RE has managed to build the machine well. I am not used to their bikes having this level of finish or refinement and that is a welcome change. The Himalayan sits happily at 4–5K RPM and makes a lovely drone on revs. (This is new, coming from the low-rev-loving vibey C350.) Almost all the weight sits on top but that makes itself felt only in parking lots and awkwardly slopey traffic stops. (Of which Bengaluru has many fine examples to throw at you.) I managed to drop it once on the way to JCRoad over a pothole-at-a-90-degree-turn as the ground gave way and I had to slop for the turn. I’ve set the stock seat height to its lower setting. With that and the front footpegs folding out of the way when walking the bike through slowmoving traffic, there isn’t as much tiptoeing as I thought there would be. I watch out for potholes and low kerbs now.

Post the first service, went on a ride on the OMR–KGF stretches touching 100 and all was well. Except for all the wind hitting the helmet and all of that getting a little noisy. I’ve since upped the windshield to the touring version but haven’t tried hitting a hundred. I don’t think I am a fast rider anyway. I do look forward to some tricky uphill-downhill geography though. It will be lovely to ride to Wayanad on the twisty estate roads.

I’m keeping it a single-seater till R is fully A-OK with riding pillion. (And generally otherwise.) It is a bit tricky to refuse pillion-ride requests but I’d have it no other way.
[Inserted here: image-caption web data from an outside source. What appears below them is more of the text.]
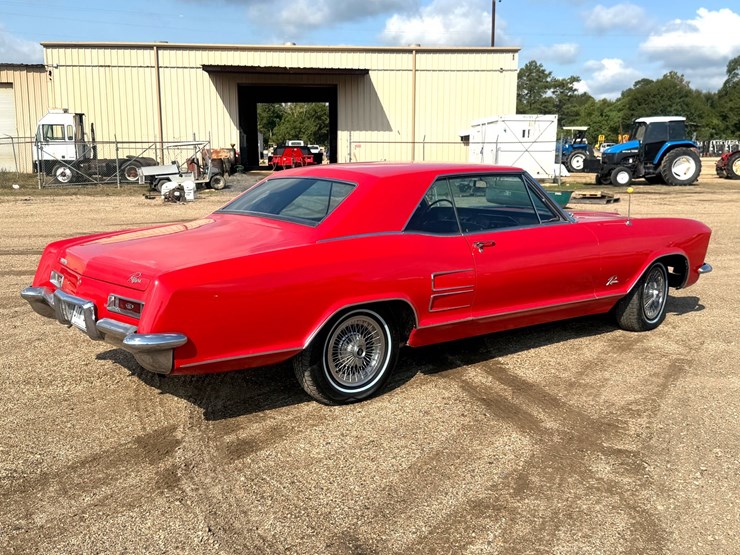 #1020-•-offered-at-no-reserve-|-1964-buick-riviera-image-4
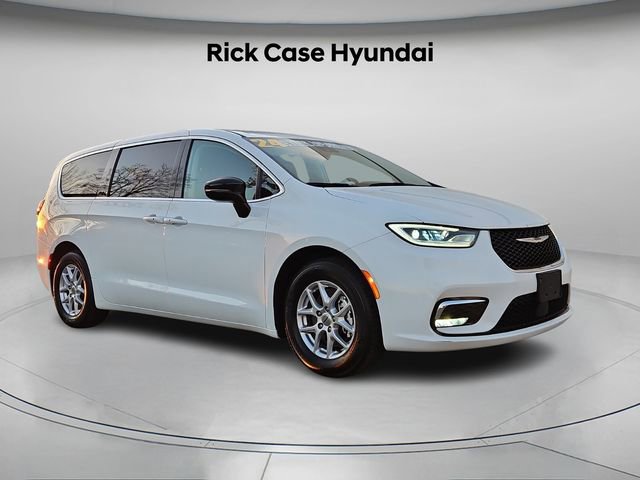 Used 2024 Chrysler Pacifica Touring-L image 9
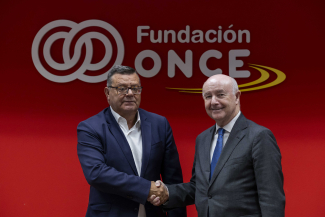 Foto de los firmantes del acuerdo en la sede de Fundación ONCE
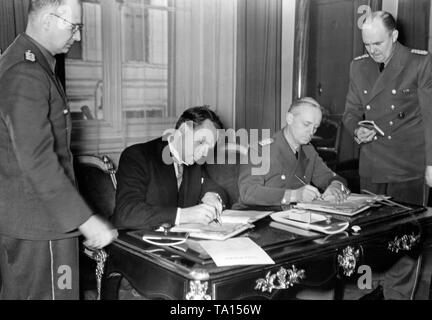 Matus Cernak und Joachim von Ribbentrop unterzeichnen einen Vertrag zwischen dem Deutschen Reich und den Slowakischen Staat in Berlin. Mit dem Vertrag der ehemaligen polnischen Gebiete in die Slowakei als Anhang beigefügt werden wird. Die erste slowakische Republik wurde unter Hitlers Druck im März 1939 gegründet, und Böhmen und Mähren wurden von der Wehrmacht besetzt. Stockfoto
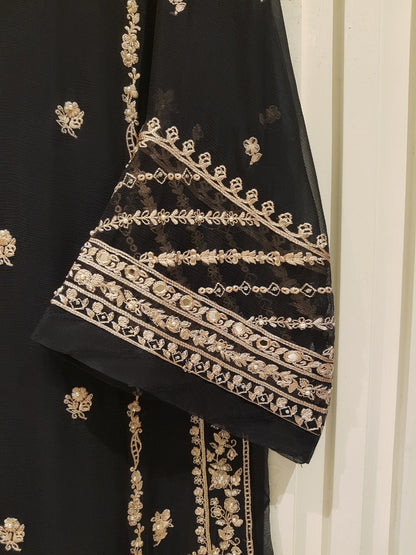 Aghanoor Embroidered Chiffon 2 Piece Suit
There are two Rynox Stacker (10L) bags on the tank rails and the straps for a third 30L one on the back seat, permanently. I love front-mounted panniers in general; on the bicycle there are two Ortliebs on the front forks when I am carrying cargo. I think I’ll eventually get the OEM pannier stays and switch the Ortliebs over to the 450, though.
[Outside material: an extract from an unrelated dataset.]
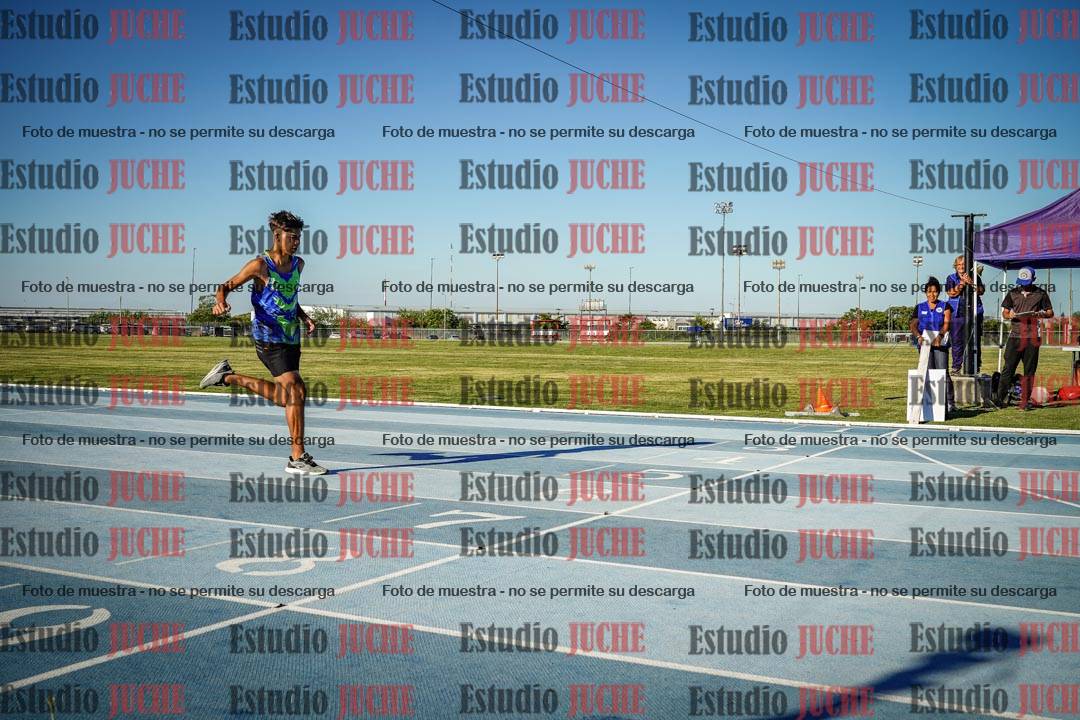 Fotos de los 400 m llanos de varones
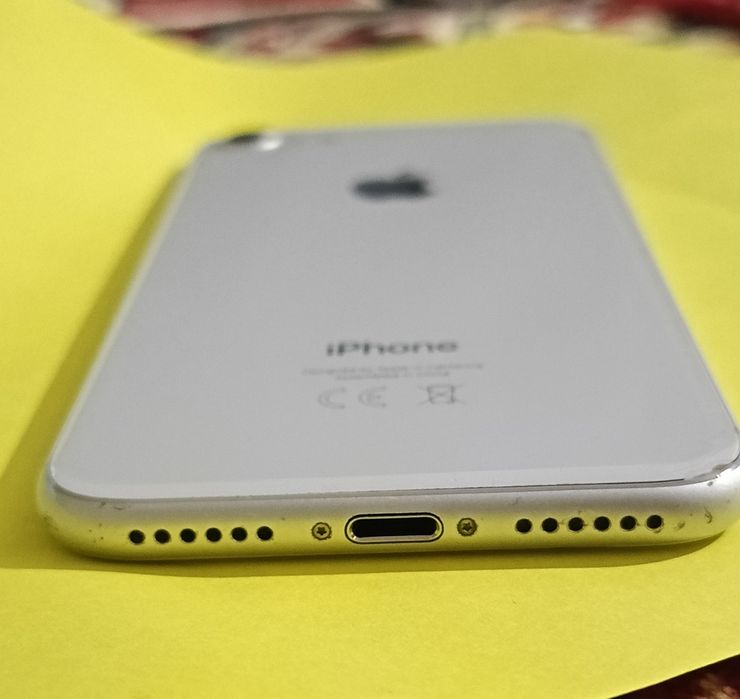 Продам IPhone 8 айфон на 64 гб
The volumes are clean in a different way (than the 411, which I loved for how unassuming the shapes were). The little details (though not as refined as some of the other everyday machines) are lovely. The Kaza Brown colourway has the nicest stickerwork of the lot (also because there isn’t a lot of it). I’ve grown to prefer as little visible branding on the products-slash-tools I use, even as I admire boldly plastered well-designed logos on everything else, from packaging to stationery to T-shirts. Even the LCD instrument cluster does a good-ish job in presenting the information needed clearly. I think this is one of the most usable—and therefore, best—LCD layouts out there on two-wheelers today. In the analog speedo mode. In the analog speedo mode the layout takes the best parts of actual-analog clusters and complements that with really straightforward typography and colours. I wish they’d picked a monospaced face for numbers though. (It irritates me to no end when the numbers jump around as they update. On the Indie’s instrument cluster, we stick to all monospace mainly thanks to that being segmented LCD but the decision wouldn’t have changed even if it were a TFT. Lots more on that soon.) I’m ordering an AOOCCI or something for GPS soon; the navigation integration via the RE App is a gimmick at best and the lag catches up with you when in unfamiliar parts of the city.
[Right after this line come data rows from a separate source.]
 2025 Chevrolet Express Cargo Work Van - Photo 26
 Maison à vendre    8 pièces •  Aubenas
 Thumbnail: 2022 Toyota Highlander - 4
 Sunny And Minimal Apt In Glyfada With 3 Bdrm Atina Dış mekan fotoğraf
The bike makes me want to ride more, and admire it whenever I am off it. R knows I intentionally forget grocery-list-items so I can go for another short ride. It makes me feel younger and happier on even the commutes through office-going pedestrian traffic. There are days when the Tabebuias are falling onto the windshield and sometimes hanging on to the tank-rail bags. Those days I reach the studio with a smile in my head and happy to take on some new marketing bullshit.

V took this photo in the River parking lot. He has—appropriate for a product designer—a good eye for composition and good taste in vehicles. (Committed to a cafe-racer-ed Husqy even in Bengaluru’s moving parking lots.) We’ll soon go for a ride together I hope.